There’s a problem with using a single measure of success. It may seem simple, but a single measure of a charitable organization’s productivity, no matter how common-sensible, isn’t nearly enough to convey all that’s important.
For example, a well-established emergency food shelf near me “distributed 542,453 pounds of food” last year, according to its website. No doubt it calculated and announced this measure of program impact to answer questions coming from its principal donors and stakeholders. But is it a good measure of program impact, or even, more simply, of program productivity?
Let’s look at some pros and cons of using this relatively simple measure “pounds of food distributed.”
“Pounds” is a well-accepted, non-controversial measure of weight, with a very precise meaning regulated by the U.S. National Bureau of Standards.
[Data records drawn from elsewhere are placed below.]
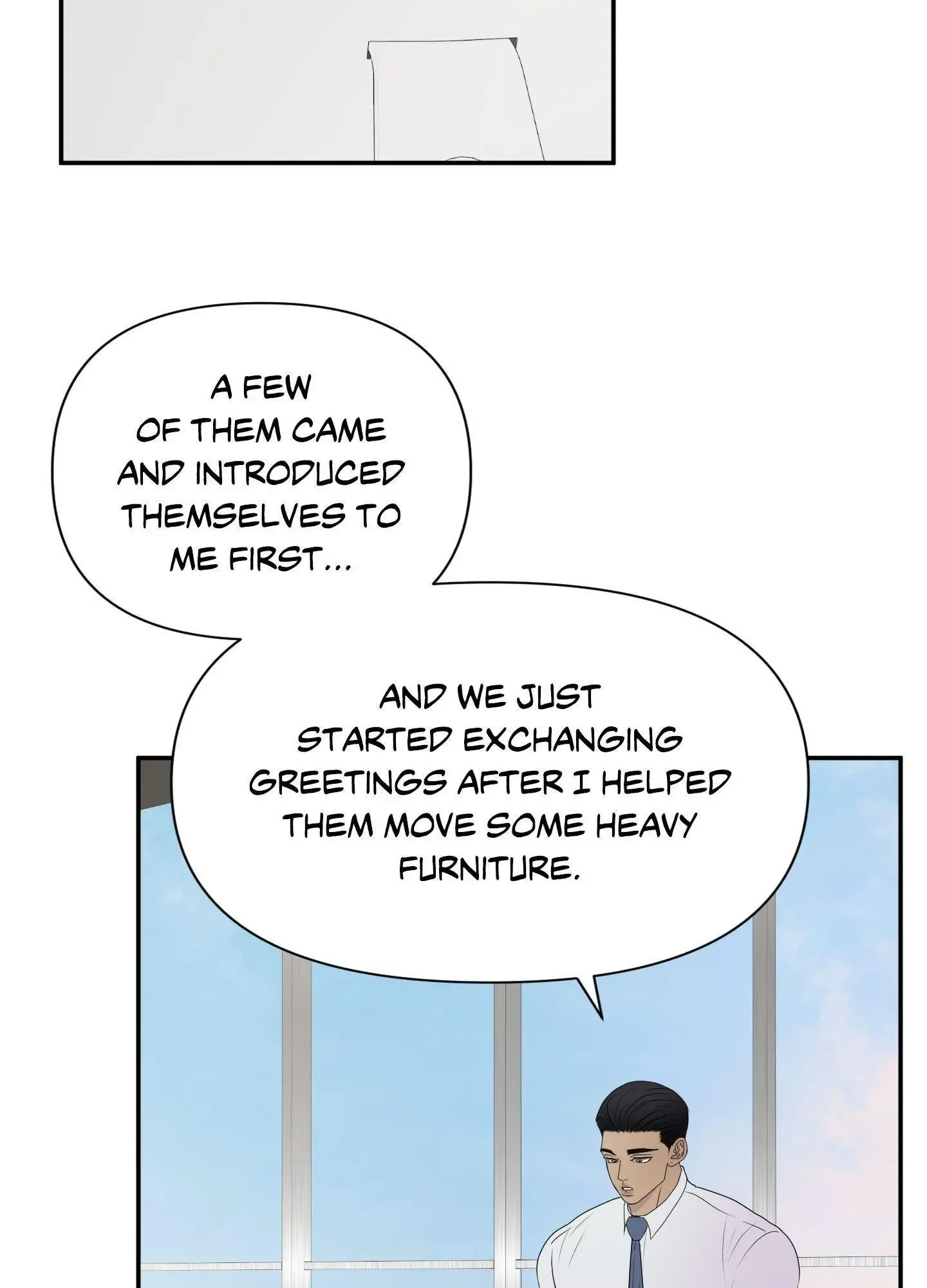 Kick Your Heart Chapter 13 page 36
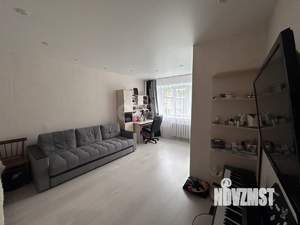 1-к квартира, вторичка, 30м2, 2/5 этаж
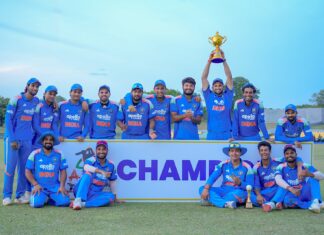 Vaibhav Sooryavanshi’s blitz powers India A to Tri-Nation ODI title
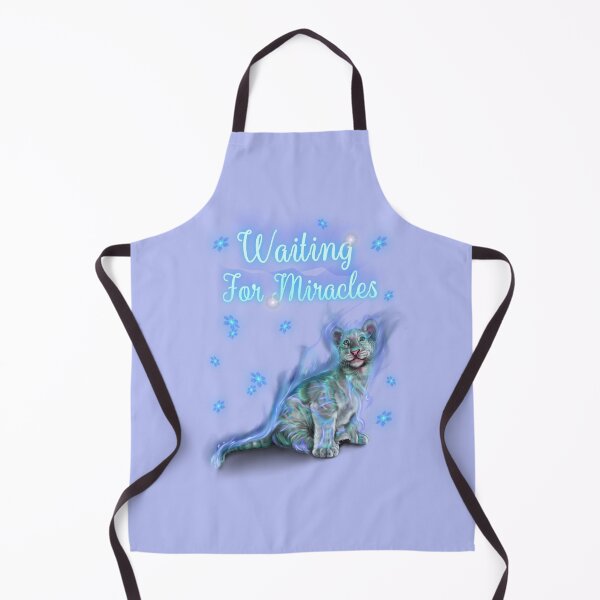Item preview, Waiting For Miracles, fantasy art designed and sold by LoneAngel.
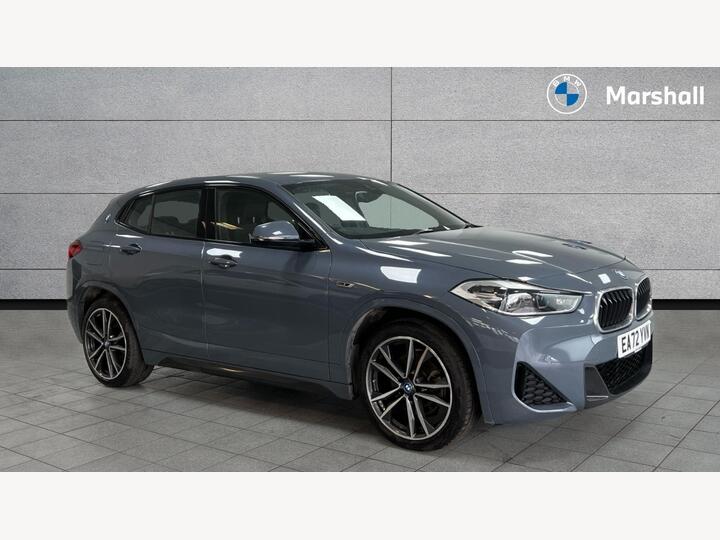 BMW X2 1.5 25e 10kWh M Sport Auto XDrive Euro 6 (s/s) 5dr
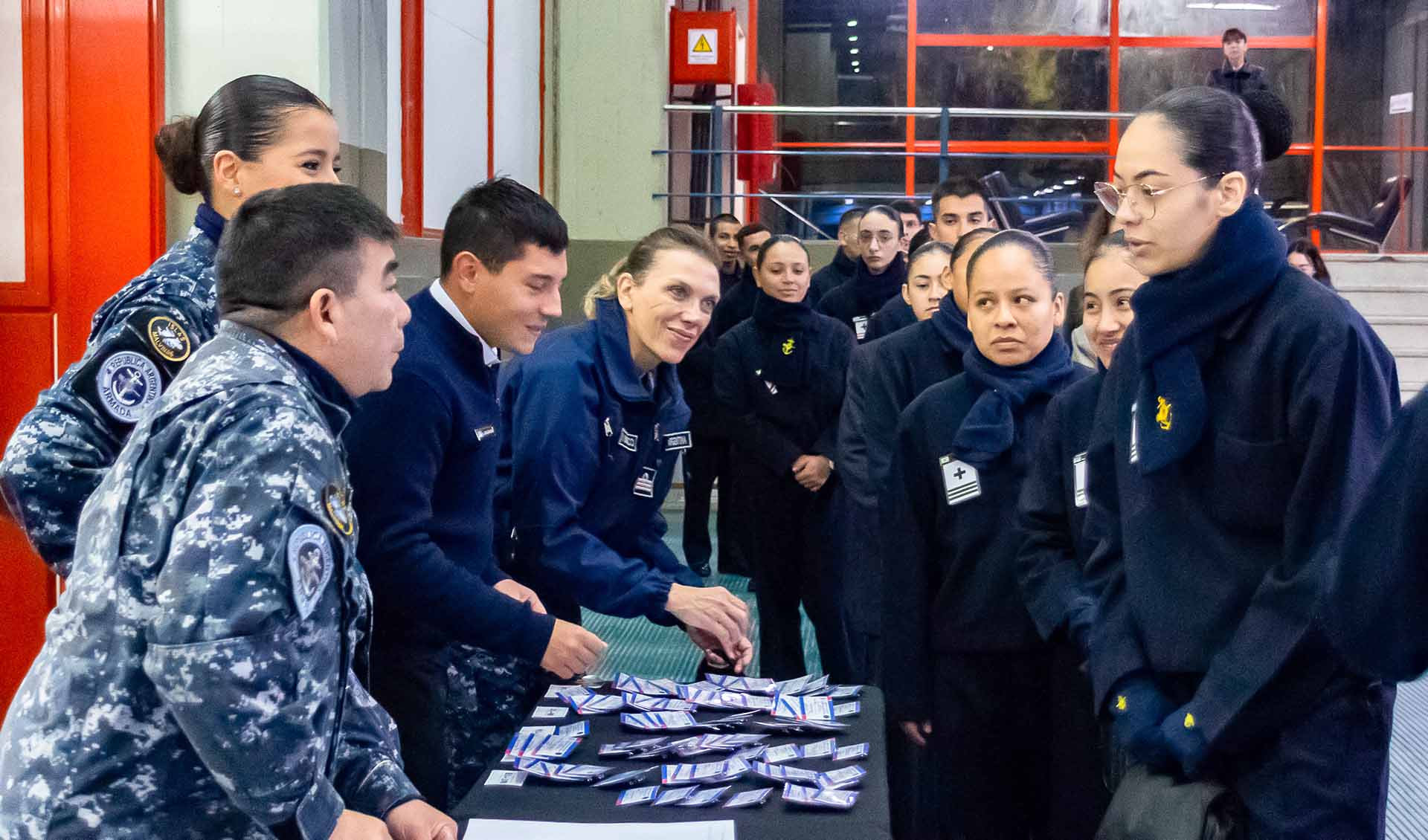 gacetamarinera.com.ar, el sitio oficial de noticias de la Armada Argentina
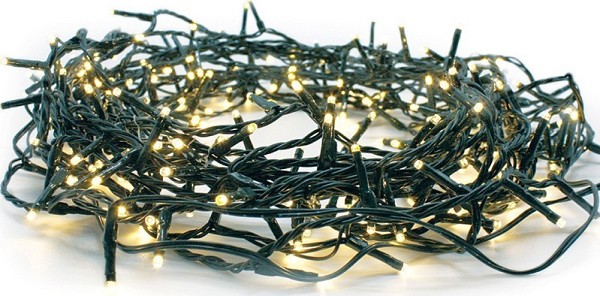 300WWE44TG 300LED ΛΑΜΠ ΣΕ ΣΕΙΡΑ 5cm ΘΕΡΜΟ ΛΕΥΚΟ ΑΝΤΑΠΤ 31VDC&ΕΠΕΚΤ MAX 2ΣΕΤ IP44 15m ΠΡΑΣ ΚΑΛΩΔ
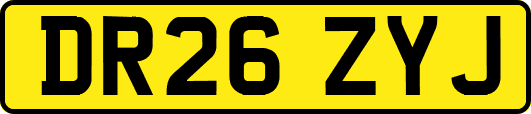 DR26ZYJ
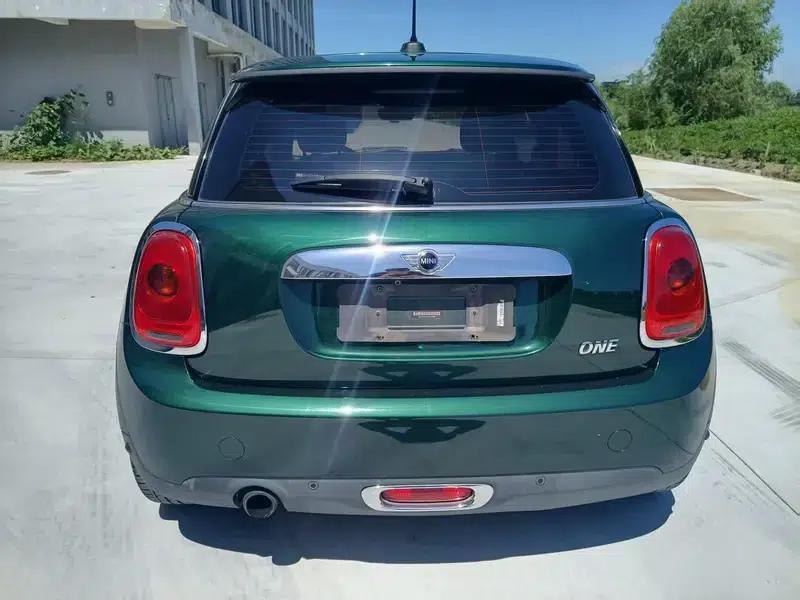 MINI 2016 1.2T ONE Pioneer — миниатюра 5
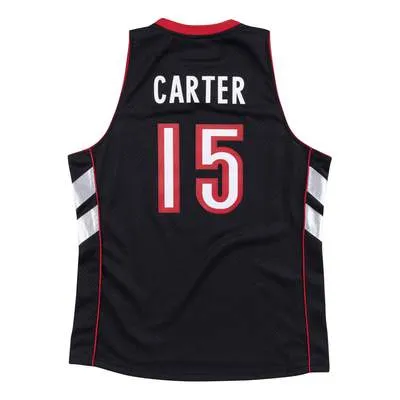 MITCHELL & NESS NBA CAMISETA VINCER CARTER 199900 TORONTO RAPTORS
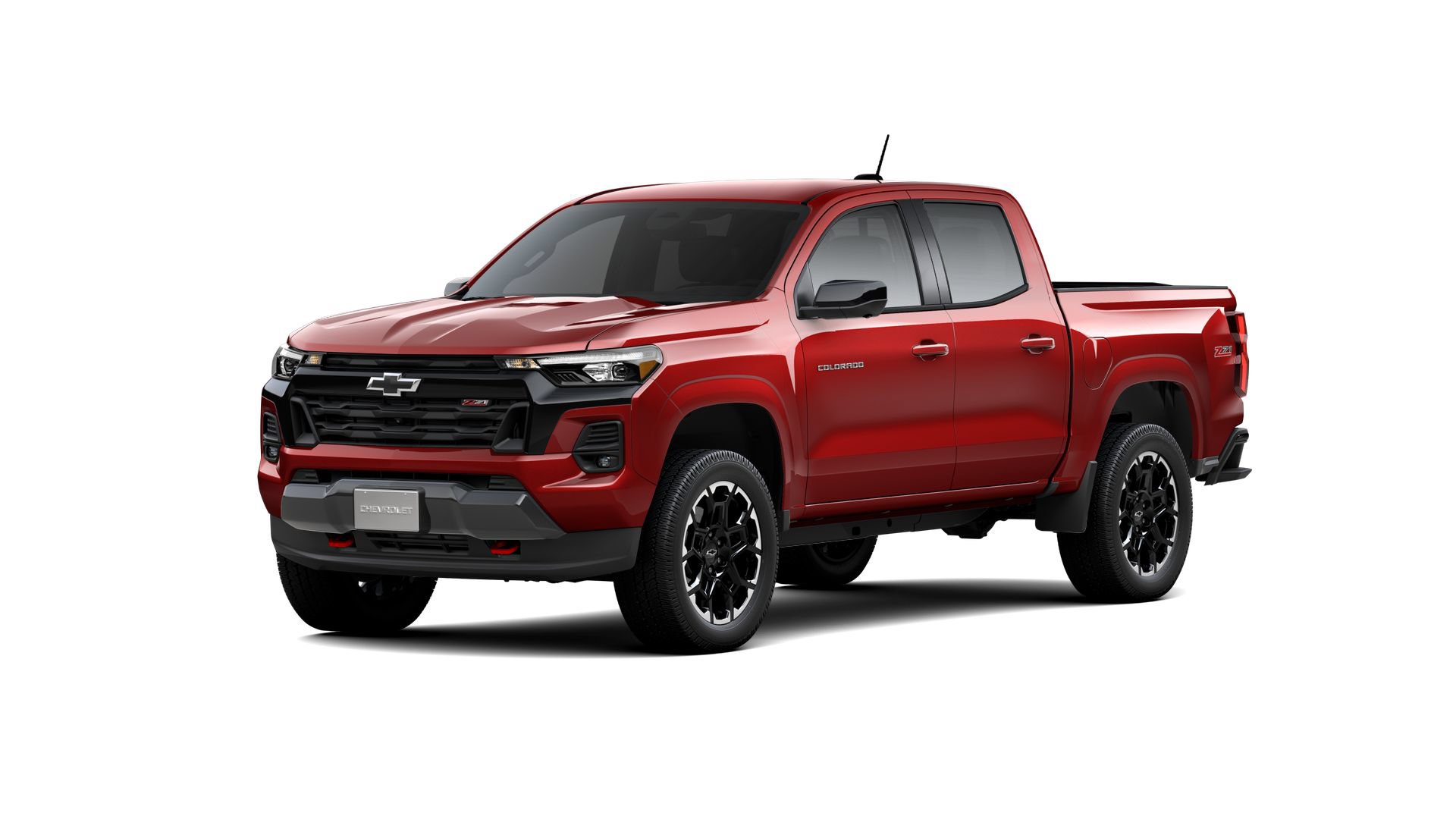 New 2026 Chevrolet Colorado Z71 w/ Technology Package AWD/4WD image 63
It’s not so useful in regions where weight comes in kilograms, but in the US, it’s gold. Or iron; when you pick up two 10-pound weights at the gym, chances are excellent they each weigh the same, at least close enough for use in a fitness regimen.
Pounds of food is less precise. Presumably, two packages marked “16 oz” of the same brand of Mac & Cheese weigh the same. But different brands? And how much is food vs. packaging? Those are questions for Consumers Union.
Not all pounds of food are equal. Is a pound of Mac & Cheese-type food equivalent to a pound of spinach-like food? They may both weigh the same, but they have very different nutritional values, different comfort value, different familiarity to different cultures, different storage issues, different ease of preparation, different yum factor, different spoilage rates – all of which is lost in the non-controversial “pound of food” measure. A pound of Mac & Cheese lasts months, even years; it can be trucked and shipped without losing nutritional value. A pound of spinach lasts days, requires refrigeration, and doesn’t travel far without spoiling.
When we’re talking “pounds of distributed food,” who gets this food, and should we care? Does a faith-based charity operate with different expectations than a tax-supported one? “Pounds of distributed food” doesn’t tell us what happens to the people who receive some. Is their distress relieved by just one meal, or by more? It doesn’t tell us if people coming to the food shelf also get attention for other needs. What ultimately happens to them? And what about shut-ins? These questions are avoided with a single measure like “pounds of food distributed.”
Key lessons:
A pound of distributed food may be a good measure for evaluating relief efforts, but not as good for evaluating a healthy lifestyle. Needed is a metric called “pounds of nutrition.”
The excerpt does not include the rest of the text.